Abrir nuestro corazón es lo que
tenemos que pedirLe al Señor en este Adviento. Que abramos nuestro corazón. Que
no lo dejemos pudrirse en los prejuicios, empobrecerse o empequeñecerse. Que lo
dejemos respirar, que lo dejemos volar. Que es lo espontáneo. Tenemos que
hacernos violencia para renunciar a nuestro anhelos y a nuestros deseos de felicidad,
de eternidad, de plenitud. ¿Para qué?
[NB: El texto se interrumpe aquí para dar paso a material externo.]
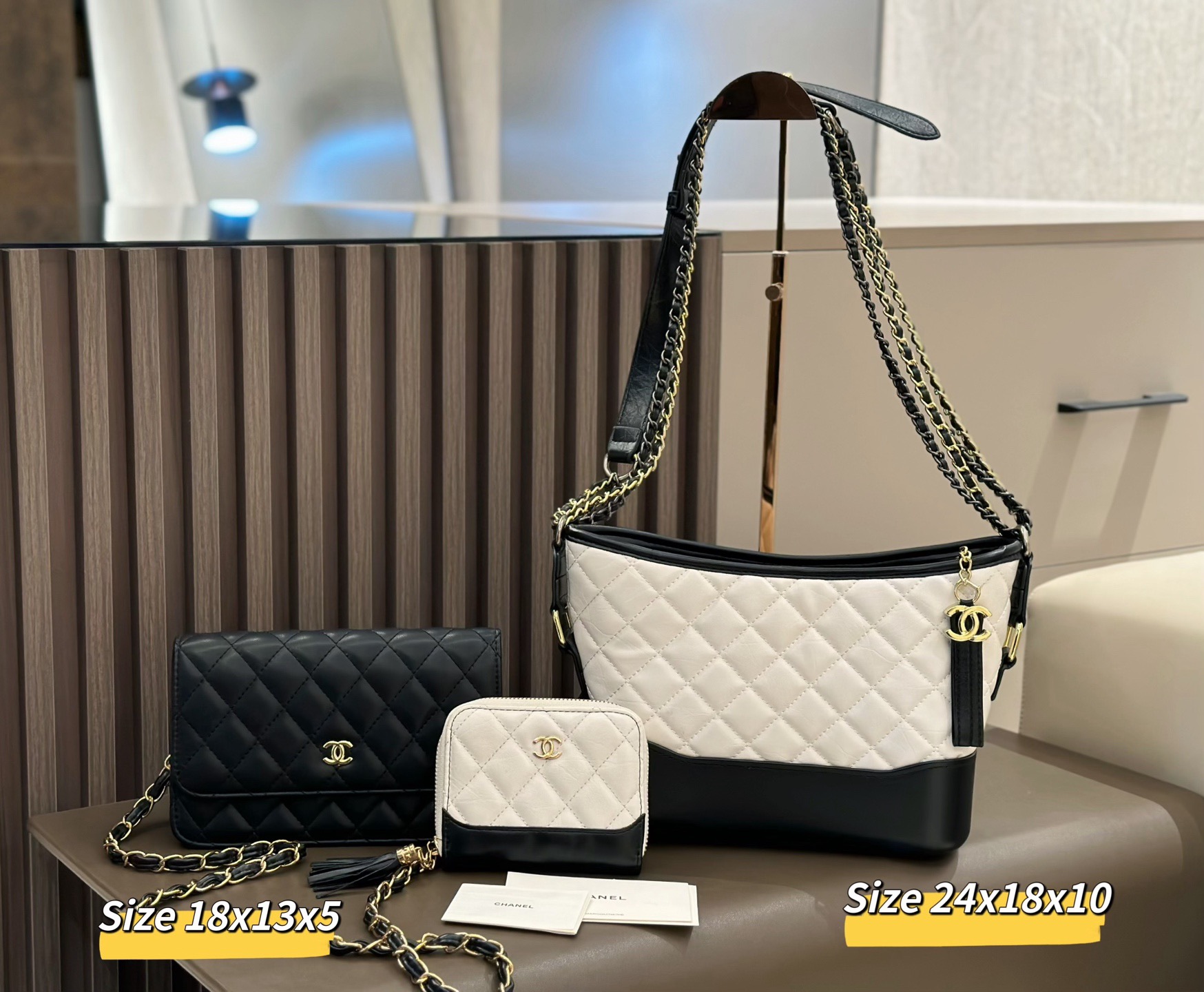 The Ultimate 3-Piece Essential Bundle: Large, Medium & Small – All for $99!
Para que cuando celebremos la Navidad podamos
darnos cuenta de que estamos celebrando algo absolutamente… no un adorno, no un
algo superficial (…), sino algo esencial para nuestra vida, esencial para
nuestra alegría, para nuestras relaciones humanas, para que esas relaciones
humanas puedan ser unas relaciones de afecto mutuo, de hermandad en el sentido
más profundo de la palabra, de afecto lleno de respeto. El afecto es un apegarse
en la distancia de quien reconoce lo que es misterioso. El afecto es el
apegarse al bien, al misterio, al bien y a la belleza que es la otra persona,
pero como algo sagrado. A la belleza que tienen las cosas, porque todas son
sagradas, todas provienen del Amor de Dios. Abrir nuestro corazón a esa
posibilidad que no nos la fabricamos, que no nos la inventamos; que proclamamos
un Hecho sucedido en la historia, cuya verificación está justamente en los
millones de santos, en la generación de un pueblo de santos que ha nacido de
ese Hecho.
(…)
La fe cristiana no es un añadido a
nuestra vida; es algo que necesitamos absolutamente igual que el aire para
respirar. Fuera de la fe, ¿es que la gente es peor? No. Hay gente estupenda, a
lo mejor mucho mejor que nosotros fuera de la fe. Lo que sucede es que si uno
se toma la vida en serio fuera de la fe, la vida es una tragedia. O hay que
emborracharse, vivir, y entonces la vida es una comedia. Pero la comedia
siempre deja resaca, siempre lo deja a uno insatisfecho con uno mismo.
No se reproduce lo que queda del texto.